In writing class, cliches are another matter, and teachers are trained to detect them like foul smells in a kitchen. I used to circle them on student papers and write, “Avoid these like the plague!” in the margin to make a point; but what I remember more clearly is the sadness I’d feel when I tried to explain how the words could not carry the meaning the writer intended. It’s a hard case to make. A student using the expression “It is what it is” for the first time hears only cadence and truth, and words that make me cringe are for him or her a kind of magic. I remember a revelation that arrived one day when as a young adult I took a vase of wilting wildflowers from the mantle piece — drooping mulleins and bugloss and many others, all far beyond their time, with one exception.

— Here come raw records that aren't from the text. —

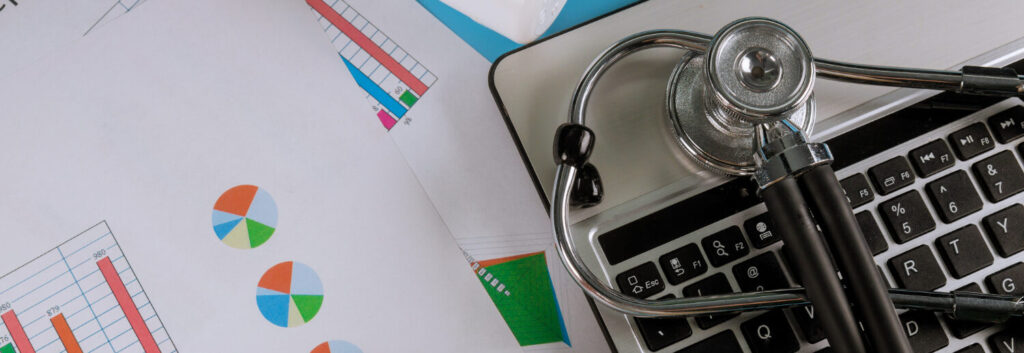 Benefícios da Contabilidade para Médicos em Brasília
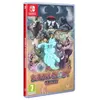 Image de Nintendo Games Switch Bubble Ghost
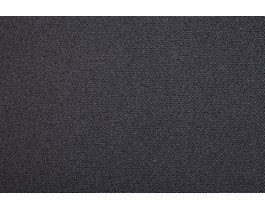 MM100 Cloth Gaming Mouse Pad MM100 Cloth Gaming Mouse Pad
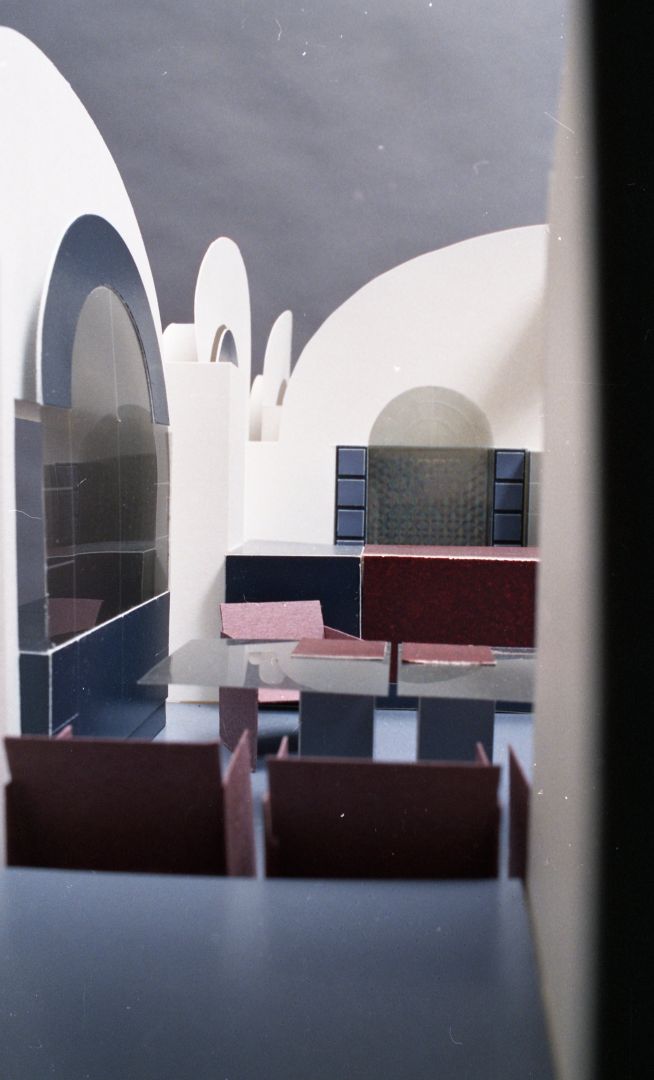 Vaníčková_Lověna_model_2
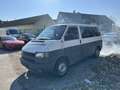 Volkswagen T4 Transporter - thumbnail 6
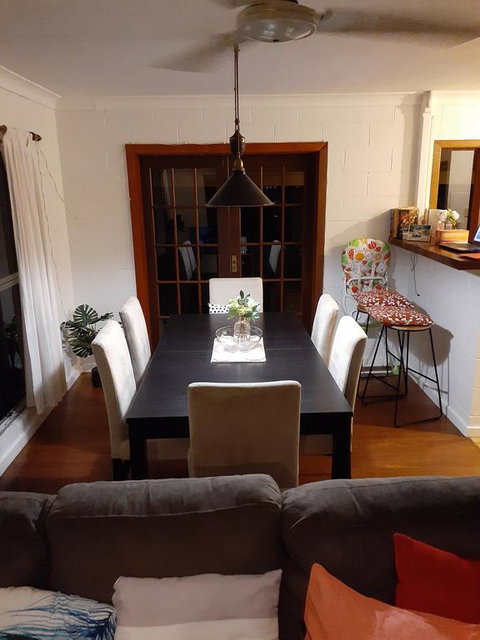 Wandering Palms - Accommodation Perth 2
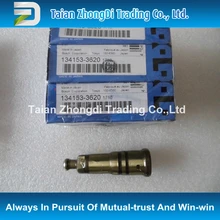 Tazondli поршень элемент 134153-3620 P317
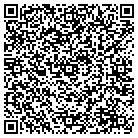 QR code with Chem-Coat Industries Inc contacts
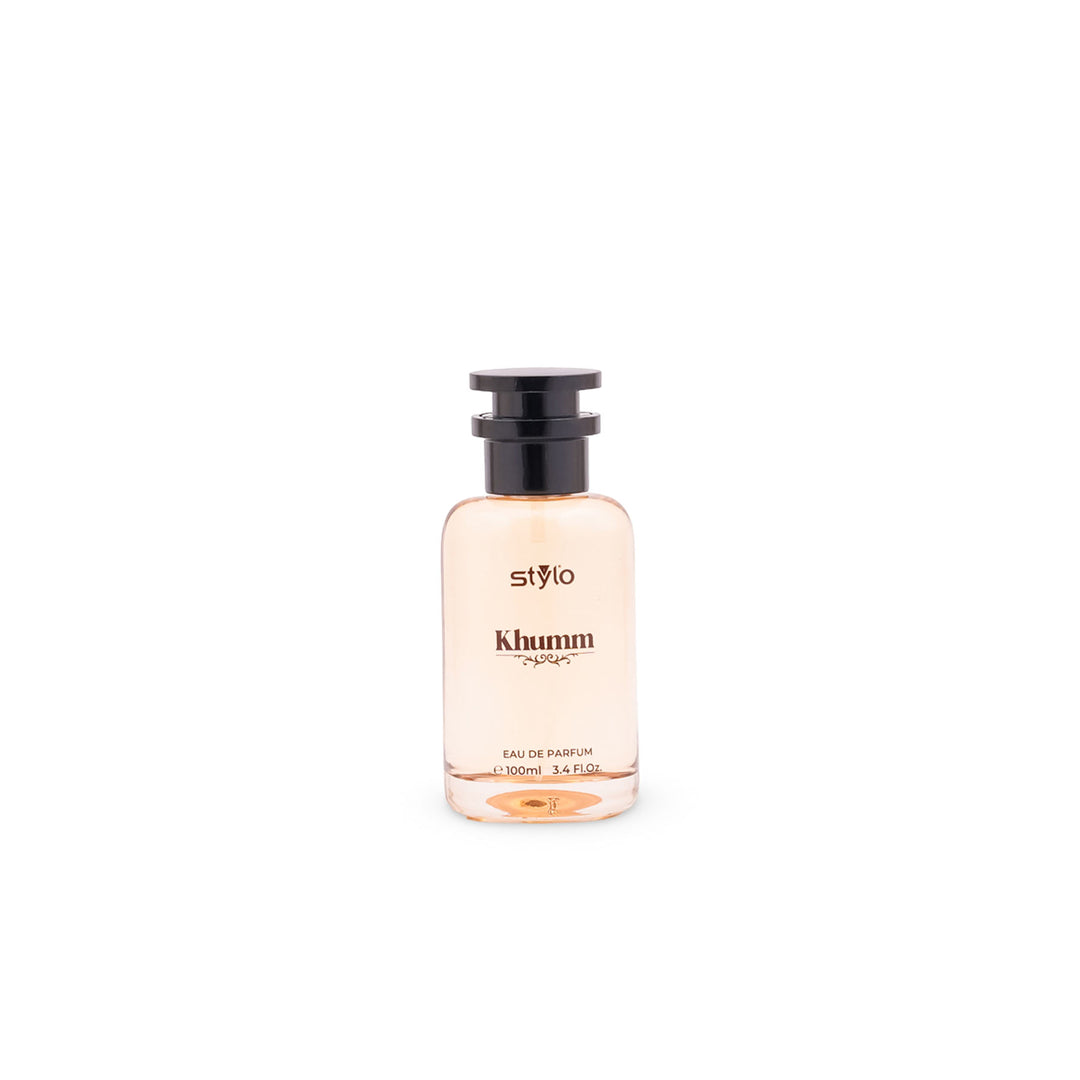 Khumm Perfume For Men PR1057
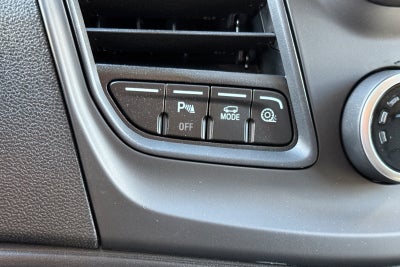 2025 Ford Transit-350 XL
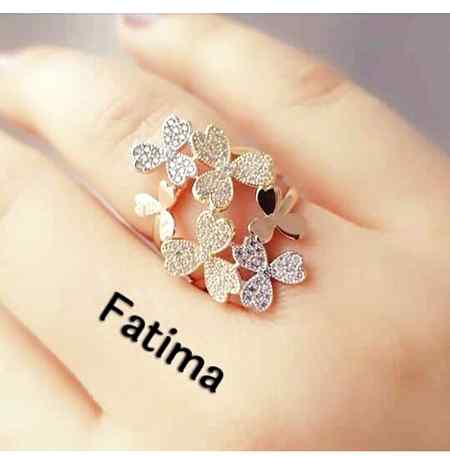 •✵⊰✿fαtímα✿⊱✵•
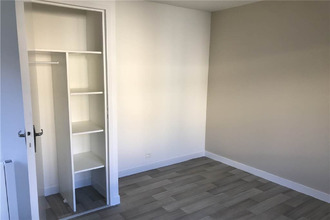  appartement poitiers 86000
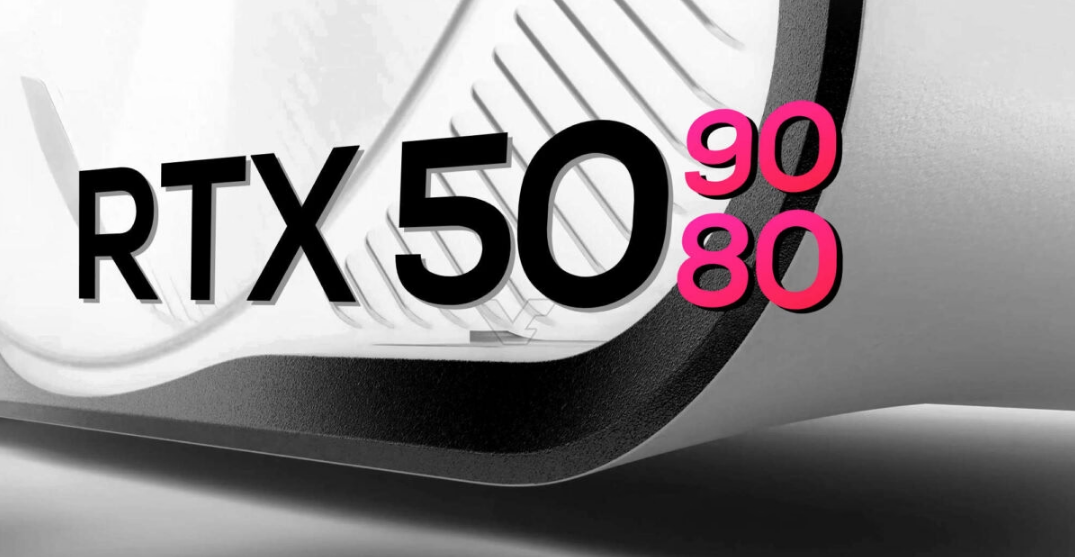 ixbt.com - Да, GeForce RTX 5090 будет чудовищем, но и «кушать» будет чудовищно много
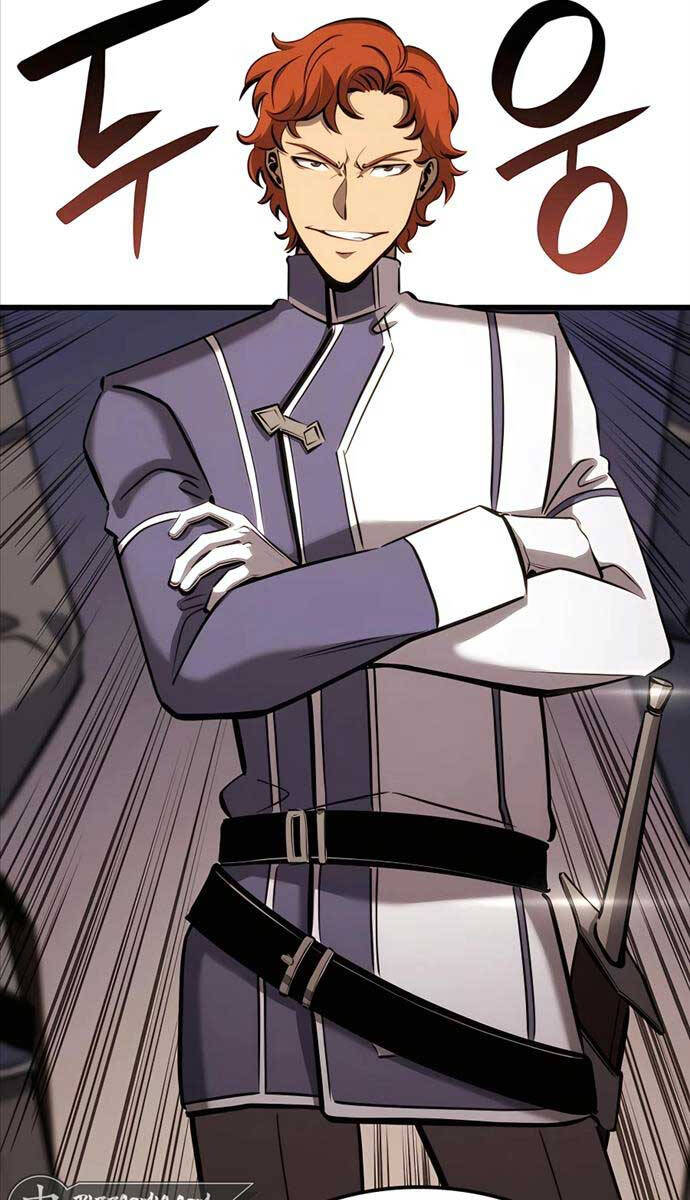 Con Trai Út Của Bá Tước Là Một Người Chơi Chap 21 - Next Chap 22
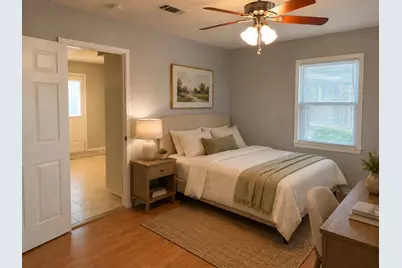 902 N Wall Street, Belton, TX 76513 - Photo 9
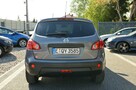 Nissan Qashqai Panorama Kamera - 15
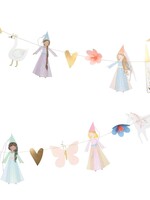 MERI MERI Princess Garland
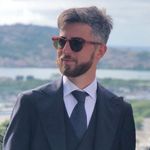 Giulio Bruno - @giulio_br - Instagram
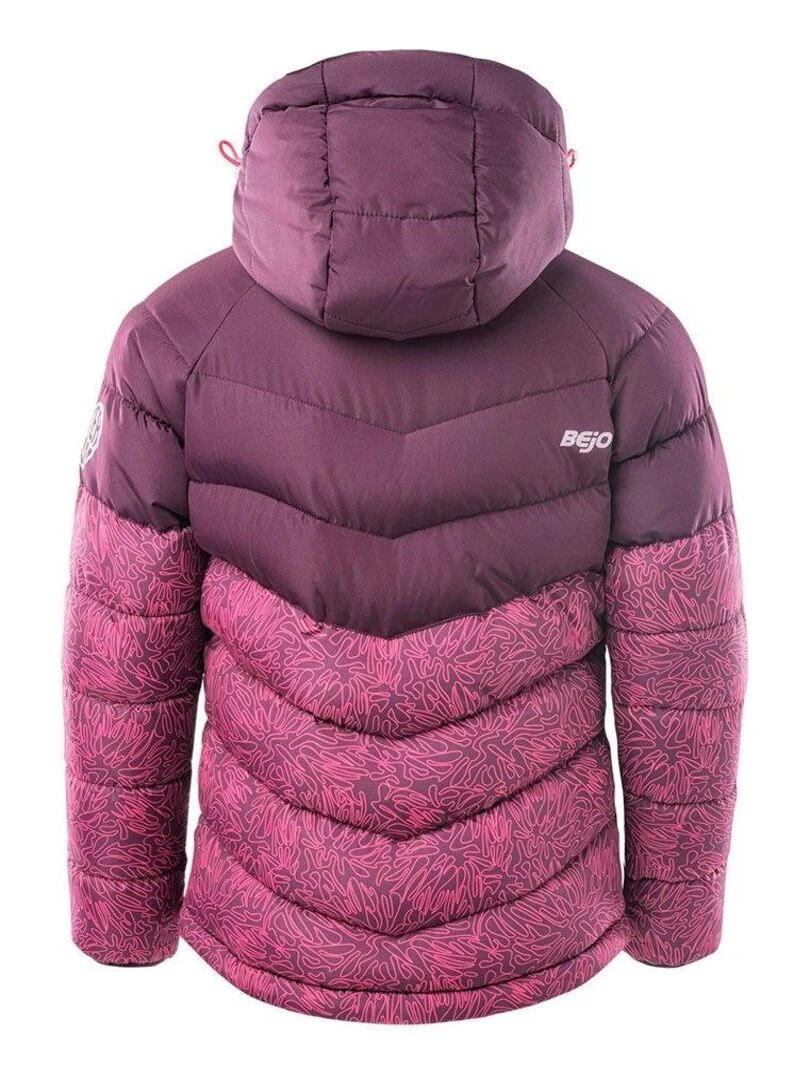 Bejo Veste BALDEY Violet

Suddenly I understood the real meaning of the cliche “as fresh as a daisy.”

Most often, it was when I graded papers that I entertained existential questions. Halfway through writing a sentence in the margin, I would hear a voice. “Why, exactly, are you doing this?” it would ask as I fixed a cliche a student had mangled somehow in wording or intent. At first, what I’d feel was the sting of hypocrisy as I explained how the cliche was supposed to read; and then as I added the warning “Now, never write these words again!”, I’d feel a wave of sadness as if I’d uncovered for him or her one of life’s sordid truths.

If I’m honest, I’ll admit that cliches give me as much pleasure as pain because in every one lies the potential for a pun, an irony to exploit when life gets too serious. What I like best are the puns others stumble into accidentally. Years ago when I was very new at teaching and grading papers was a task only to dread, I came upon a startling turn in the essay of a sophomore girl. All I remember of the context is that it was wrong for what followed. “It’s a doggie dog world,” she wrote to nail a point she was making, conjuring in my mind a vision of puppies tumbling over bowls of food, an earthly canine heaven. These are the moments teachers wait for, and I was sure I would never again see anything like it. Then many years later when I was in my final decade in the classroom, it happened again, a different writer, but the exact same phrase — a doggie dog world. Enough time had passed for them to be mother and daughter. They weren’t, but there I was, attending the birth of a new cliche.

Cliches are born because we are drawn to imaginative language. When they are new, we remember them for their poetic turns and their dazzling metaphors; we summon them subconsciously to grace our own speech. This brings me back to the young and their June addresses. They will share the podium with academics and public figures, people who know better than to use words and ideas so familiar they have lost much of their meaning. But the young, blessedly, don’t always know better, and that is what we love in them. If we listen carefully and imagine ourselves at that age, we hear exactly what they mean.

Jonathan Stableford lives in Strafford.